The short white-ball trip that was meant to pit Afghanistan against Sri Lanka in the United Arab Emirates from 13-25 March is, for now, off the table. With the fighting in West Asia spilling over into air routes and day-to-day logistics, both boards have privately accepted that staging six matches in Sharjah and Dubai is no longer workable.
Neither the Afghanistan Cricket Board (ACB) nor Sri Lanka Cricket (SLC) has yet pushed out a formal statement, but officials on both sides have conceded, in the usual guarded way, that “the risk is simply too high”. Shifting the games to another neutral venue has been floated, though the calendar, travel restrictions and late notice make that solution unlikely.
The itinerary looked straightforward enough a fortnight ago: three T20Is in Sharjah on 13, 15 and 17 March, followed by ODIs in Dubai on 20, 22 and 25 March.
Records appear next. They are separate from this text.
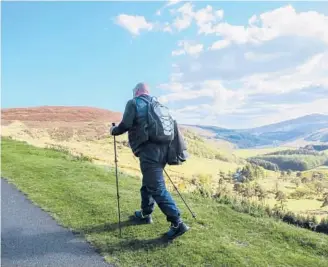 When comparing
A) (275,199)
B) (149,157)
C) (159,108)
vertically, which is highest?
(159,108)

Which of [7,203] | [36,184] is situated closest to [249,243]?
[7,203]

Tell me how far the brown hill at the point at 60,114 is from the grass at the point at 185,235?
32.7 metres

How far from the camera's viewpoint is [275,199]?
10961 mm

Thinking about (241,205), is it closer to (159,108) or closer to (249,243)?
(249,243)

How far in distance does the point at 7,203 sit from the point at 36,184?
75.8 inches

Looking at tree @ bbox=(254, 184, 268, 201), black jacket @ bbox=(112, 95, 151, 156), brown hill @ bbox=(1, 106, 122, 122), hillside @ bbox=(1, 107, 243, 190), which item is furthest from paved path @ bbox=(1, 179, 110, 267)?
brown hill @ bbox=(1, 106, 122, 122)

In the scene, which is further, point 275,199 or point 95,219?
point 275,199

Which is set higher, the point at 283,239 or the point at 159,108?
the point at 159,108

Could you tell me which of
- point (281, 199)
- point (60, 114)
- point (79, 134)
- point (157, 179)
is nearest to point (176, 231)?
point (157, 179)

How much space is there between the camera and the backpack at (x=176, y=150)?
6.62 meters

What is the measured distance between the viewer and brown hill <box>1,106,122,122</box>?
42.3 m

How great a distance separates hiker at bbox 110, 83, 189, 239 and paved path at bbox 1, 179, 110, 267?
1.30 m

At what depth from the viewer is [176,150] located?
6656mm

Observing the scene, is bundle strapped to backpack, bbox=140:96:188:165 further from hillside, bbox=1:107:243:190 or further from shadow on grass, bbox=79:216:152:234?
hillside, bbox=1:107:243:190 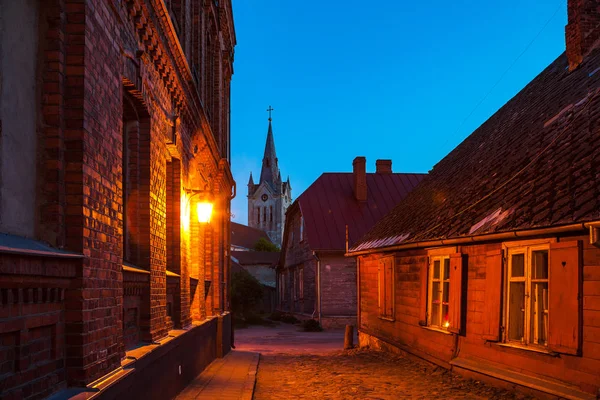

It would also have doubled as a first outing for Afghanistan under new captain Ibrahim Zadran, who has taken the white-ball reins from Rashid Khan after their early World Cup exit.
Instead, the series joins a growing list of fixtures disrupted by the regional crisis. Six ICC Men’s Cricket World Cup League 2 matches in Nepal, featuring Oman, UAE and the hosts, were scrubbed last week. Teams exiting the men’s T20 World Cup have encountered similar headaches: West Indies and South Africa spent days stuck in Kolkata until air corridors finally opened on Sunday for a Tuesday departure.
The immediate financial hit for both boards is manageable, insiders insist, but the cricketing cost is harder to pin down. Afghanistan need game-time under a new skipper; Sri Lanka are still piecing together a post-World-Cup plan of their own. Rescheduling later in the year sounds tidy on paper yet squeezes an already busy international roster.
For now, coaches and players can only wait. The hope is that a quieter window appears soon, though no one is putting a date on it – a reminder that, every so often, cricket is forced to take its place in a queue behind larger, grimmer realities.